Terming every moment in life as a struggle for autism children, Stuti compares her body to a car.

“When the break works, we all can control ourselves. When it fails, we lose our control and we throw a tantrum. People call us disabled, but I think no one is fully abled. I don’t mind if they call us disabled. My opinion is that we all are God’s creatures, and at this point we all are the same,” says the girl, with tonnes of determination. 

Stuti says patience plays a vital role in the life of human beings.

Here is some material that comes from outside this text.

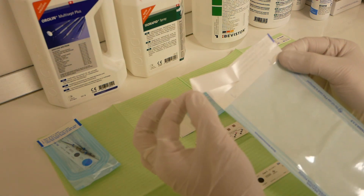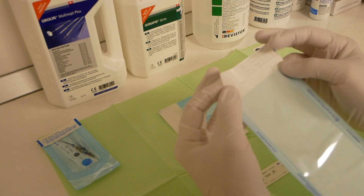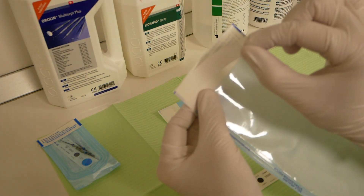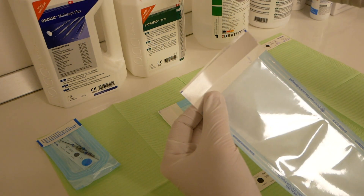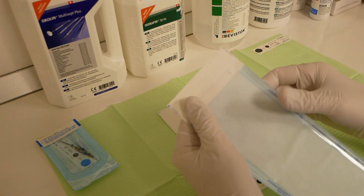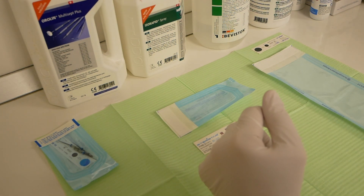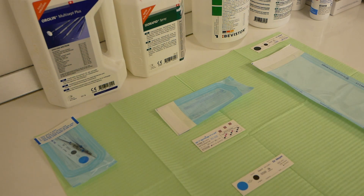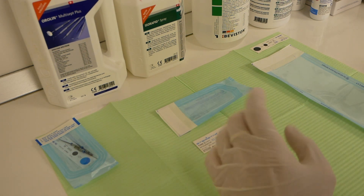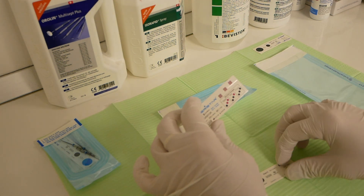There are also some variants that have the Class 5 indicator as a strip. When you peel the adhesive strip to seal the pouch, the bag has the Class 5 indicator here — you peel it off, write the necessary information on it, insert it in the bag, and proceed with the sterilization process.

“Patience is required for every work. It is the ladder of success. Impatience is the downfall of success. All great people have lots of patience. I am basically an impatient person. I want to improve my level of patience,” she says. 

Sharing her desire, Stuti says that she would want to be a bird.

 “If God emerges in front of me and ask my desire, I will reply to gift me the life of a bird. I want to live a hassle-free life like a bird, so that I can fly from one country to another. Then, there is no scope to get seizure, anxiety, panic attack, sleeplessness and also struggle in a new situation. If I am a bird, my battle with autism will also be over. Fly, fly, up, up, up... from the land under the blue sky,” she adds.


ASI event

Autism Society of India (ASI) is hosting a programme today to mark World Autism Awareness Day . The event, being held in association with the Rotary Club of Bangalore, at the Rotary House of Friendship on Lavelle Road, will recognise individuals who have contributed towards creating awareness about autism. Speaking to City Express, Nishath Kirmani, President, ASI, said that WAAD aims to disseminate information about the best practices from across the segment. “Awareness is the key and we hope to connect with more people this year,” says Nishath.